How Do Intermolecular Interactions Affect Swelling of Polyketones with a Differing Number of Carbonyl Groups? An In Situ ATR-FTIR Spectroscopic Study of CO2 Sorption in Polymers
The Journal of Physical Chemistry C
, E-ISSN: 1932-7455
Ewing Andrew V.
Gabrienko Anton A.
Semikolenov Sergey V.
Dubkov Konstantin A.
Kazarian Sergei G.
Department of Chemical Engineering, Imperial College London, South Kensington Campus, London SW7 2AZ, United Kingdom
Boreskov Institute of Catalysis, Siberian Branch of the Russian Academy of Sciences, Prospekt Akademika Lavrentieva 5, Novosibirsk
ATR-FTIR spectroscopy was used in situ to study nine unsaturated polyketones derived from cis-1,4-polybutadiene rubber, each containing a different concentration of carbonyl groups, under high-pressure CO2 conditions (up to 100 bar). The study was aimed to systematically determine the relationship between the concentration of carbonyl groups in the polyketones and their ability to absorb CO2 and swell.
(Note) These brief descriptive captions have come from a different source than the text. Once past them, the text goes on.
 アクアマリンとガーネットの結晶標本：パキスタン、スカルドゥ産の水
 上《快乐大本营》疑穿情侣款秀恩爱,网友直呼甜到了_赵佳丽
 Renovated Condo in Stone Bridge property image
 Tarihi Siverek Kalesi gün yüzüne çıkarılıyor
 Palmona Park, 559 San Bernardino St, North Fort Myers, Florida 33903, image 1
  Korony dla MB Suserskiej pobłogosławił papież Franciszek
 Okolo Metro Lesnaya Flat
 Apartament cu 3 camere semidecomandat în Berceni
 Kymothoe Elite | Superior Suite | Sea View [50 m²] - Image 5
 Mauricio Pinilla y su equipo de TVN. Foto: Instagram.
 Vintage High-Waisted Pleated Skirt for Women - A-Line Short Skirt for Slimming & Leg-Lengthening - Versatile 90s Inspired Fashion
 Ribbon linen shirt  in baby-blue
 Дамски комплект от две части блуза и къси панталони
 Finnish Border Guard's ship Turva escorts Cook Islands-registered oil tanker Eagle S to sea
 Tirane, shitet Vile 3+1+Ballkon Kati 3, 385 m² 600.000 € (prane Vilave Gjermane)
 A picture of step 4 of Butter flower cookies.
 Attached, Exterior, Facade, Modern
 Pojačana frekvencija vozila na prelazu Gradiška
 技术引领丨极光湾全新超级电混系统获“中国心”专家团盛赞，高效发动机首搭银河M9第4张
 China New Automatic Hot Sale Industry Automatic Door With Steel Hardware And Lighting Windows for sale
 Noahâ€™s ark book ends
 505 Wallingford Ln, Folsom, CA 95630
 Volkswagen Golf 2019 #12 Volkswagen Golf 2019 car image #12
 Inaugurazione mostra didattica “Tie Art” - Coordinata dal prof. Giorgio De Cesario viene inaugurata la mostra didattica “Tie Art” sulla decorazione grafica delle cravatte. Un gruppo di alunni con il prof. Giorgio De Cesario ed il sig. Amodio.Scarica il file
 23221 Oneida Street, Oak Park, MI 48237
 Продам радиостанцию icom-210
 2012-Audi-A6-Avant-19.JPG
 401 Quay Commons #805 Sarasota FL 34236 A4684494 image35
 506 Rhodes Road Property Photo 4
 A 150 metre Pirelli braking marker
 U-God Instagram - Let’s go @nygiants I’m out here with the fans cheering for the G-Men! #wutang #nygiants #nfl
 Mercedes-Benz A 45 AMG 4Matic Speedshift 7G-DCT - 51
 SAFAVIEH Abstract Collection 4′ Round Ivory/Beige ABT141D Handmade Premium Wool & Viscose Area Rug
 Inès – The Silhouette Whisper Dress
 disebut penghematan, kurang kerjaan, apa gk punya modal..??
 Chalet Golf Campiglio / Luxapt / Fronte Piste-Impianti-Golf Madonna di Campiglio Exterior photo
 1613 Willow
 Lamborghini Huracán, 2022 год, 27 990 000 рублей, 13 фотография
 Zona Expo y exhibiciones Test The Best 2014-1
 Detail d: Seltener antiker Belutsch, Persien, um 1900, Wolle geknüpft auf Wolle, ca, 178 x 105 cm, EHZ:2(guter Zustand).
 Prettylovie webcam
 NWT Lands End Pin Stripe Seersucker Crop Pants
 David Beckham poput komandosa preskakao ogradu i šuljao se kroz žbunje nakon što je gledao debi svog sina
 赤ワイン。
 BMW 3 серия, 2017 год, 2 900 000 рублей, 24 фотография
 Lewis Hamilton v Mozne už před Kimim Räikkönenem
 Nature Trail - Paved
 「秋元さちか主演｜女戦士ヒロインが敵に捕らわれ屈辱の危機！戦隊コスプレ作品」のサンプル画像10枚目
A linear relationship between increasing carbonyl concentration and the overall degree of swelling and CO2 sorption was observed for polyketones with a concentration of carbonyl groups below a specific value based on quantitative analysis from the ATR-FTIR spectra. However, polyketones, which had the highest concentration of carbonyl groups, did not follow this correlation. Instead, there was evidence of intermolecular interactions between the carbonyl groups in the polymer chains, which decreases the total CO2 sorption capacity and inhibited swelling. The effect of the different molecular weights of polymer was also studied with respect to polyketone swelling and CO2 sorption. No correlation was observed when comparing polymers with different molecular weights but contained a similar concentration of carbonyl groups. Hence, the main physical properties that affect the overall swelling and CO2 sorption into polyketone samples were quantitatively determined using ATR-FTIR spectroscopy.